HJ-ED-DHJHerald Journal Columns
October 9, 2006, Herald Journal

Social readiness


Being able to get along with other children, following directions, taking turns, and sharing are social skills that we want our children to possess, and are equally as important as academic readiness skills.

Of course, there are also things we can do to help our children be socially ready for school. As parents, we want our children to have friends, and others will enjoy our children’s company if they can get along well with others. Social skills are skills that need to be modeled and taught as well and improve and increase as our children mature. Don’t expect perfection immediately.

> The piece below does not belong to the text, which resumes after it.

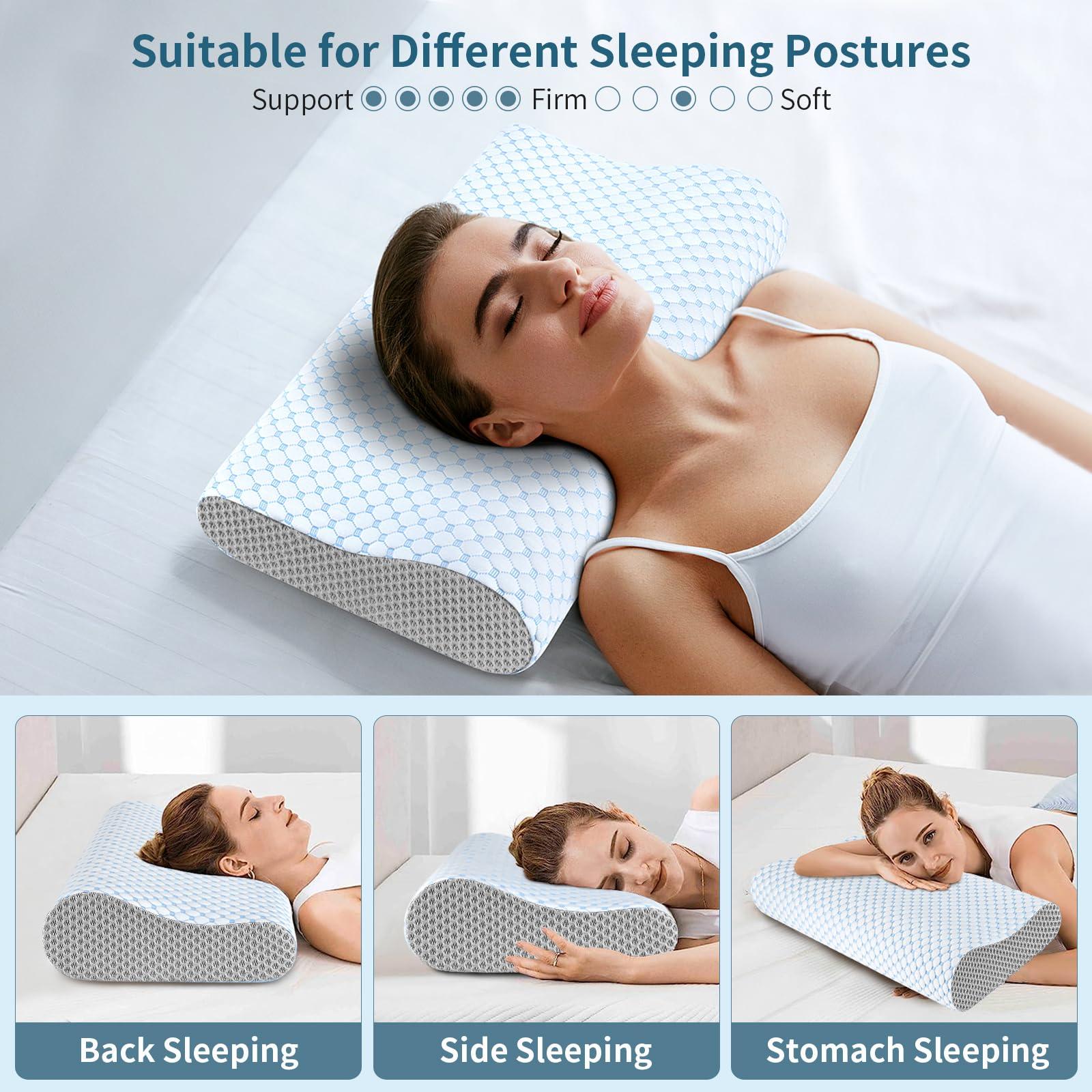 Cervical Neck Pillow for Pain Relief, Contour Memory Foam Pillows for Sleeping, Odorless Ergonomic Pillow Adjustable Orthopedic Cooling Pillow Bed Pillow Neck Support for Side Back Stomach Sleepers - Image 6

Letting our children know that they have done a good job when they have shared well, been polite, or taken their turn appropriately is very important too. We need to highlight when they are engaging in positive behavior.

• Have regular routines for bedtime and mealtime.

• Set rules and give consequences for breaking them.

• Encourage your child to play with and talk to other children. Allow your children to have playmates over.

• Encourage your child to take turns and share with other children. These are all skills that take practicing. Also allow your children opportunities to care, share and help. e.g. for a new neighbor, grandparent, etc.

• Encourage your child to finish difficult tasks once they have begun them.

• Help and encourage your child to consider the feelings of others. This is also a skill that takes time to develop. Help your child find ways to solve conflict with others. Help him/her figure out positive ways to settle conflicts. Sometimes listening to your child is all it will take to help them solve their own problems and conflicts.

• Model and discuss positive ways for your child to express his or her feelings.

• Discourage hitting, biting, screaming and other negative behaviors.

• Kiss and hug your child several times a day. Children need hugs, kisses, an arm over the shoulder, a pat on the back. We all do.

• Tell your child that you love her or him.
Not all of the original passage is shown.